子を持って知る、なんとかっていうんだけど。

   「おかん、大変や。たいへんや。」いうて。

  子育てが始まって。やっと、親のありがたさに、気が付いたんだって。

   笑うでしょ。おとうさん。

  そういう私も。おとうさんが、いなくなって。はじめて、

   おとうさんの、有り難さに、気づかされれて、いるんだもの。

   息子のこと、笑えないよねえ。おとうさん。

  きのうも。ちょっと、甘いものでも、作ろうかと。始めたのは、いいんだけど。

   台所にある、あの量りで、はかろうとしたら。どうも、おかしいんだよね。

   もしやと、思って。電池を入れ替えたら。ちゃんと、なりましたよ。おとうさん。

  また。おとうさんに、助けられましたよね。おとうさん。

   引き出しの中に。ちゃんと、替えの電池を、入れていてくれて、いたんだものね。

   「おまえは。その時にならんと。・・・・」いうて。

   「困った、こまった。どうしよう。」って。

   さわいでいる、わたしを。横目でみながら。  

   「ほら。これを、使えって。」

  買い置きの物を、おとうさん、自分の机の、引き出しから。よく、だしてくれてたよね。
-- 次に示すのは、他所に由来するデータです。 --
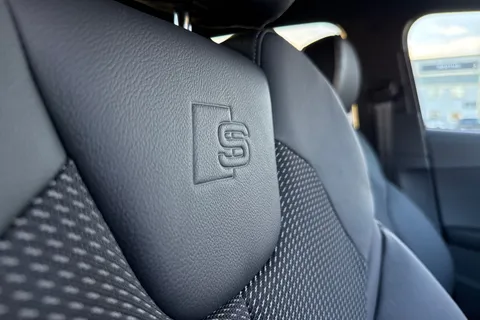 41 of 65 for Audi Q2 1.5 TFSI CoD 35 S line Euro 6 (s/s) 5dr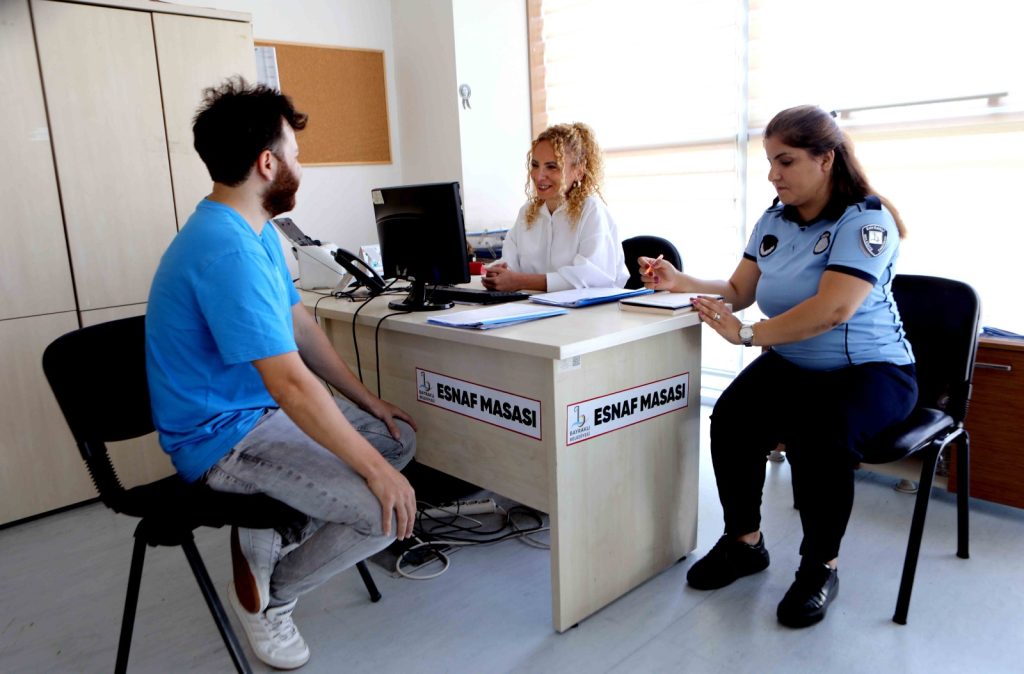 Bayraklı Belediyesinde esnaf masası kuruldu (4)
   そう、思って。見たら。やっぱり、ありましたよ。おとうさん。

  そういえば。車のキーの電池。あの時だってねえ。

   入退院の、最中だったのに。

   「おとうさん。カギ、使われへん。」いうたら。

   「電池買うて来い。」いうて。

  入れ替えて、くれたんだよね。そして。

   「もう、一本、あるじゃろう。」いうから。

   「こっちは。まだ、大丈夫つかえるよ。」いうたら、

   「ついでに。替えといた方がええ。」いうて。

   交換しといて、くれたんだよね。

  おかげで。片方のカギ。どっかに、置いてて。

   「さてさて、どこだっけ。」って。慌てなくて、すむんだよね。

   すぐには、困らないんだよ。もう一本、あるからね。おとうさん。

  今さらながらに。

   おとうさんの、ありがたさを。思い知らされているのは。息子だけでは、ありませんよ。

   私もですよ。    ねえ、おとうさん。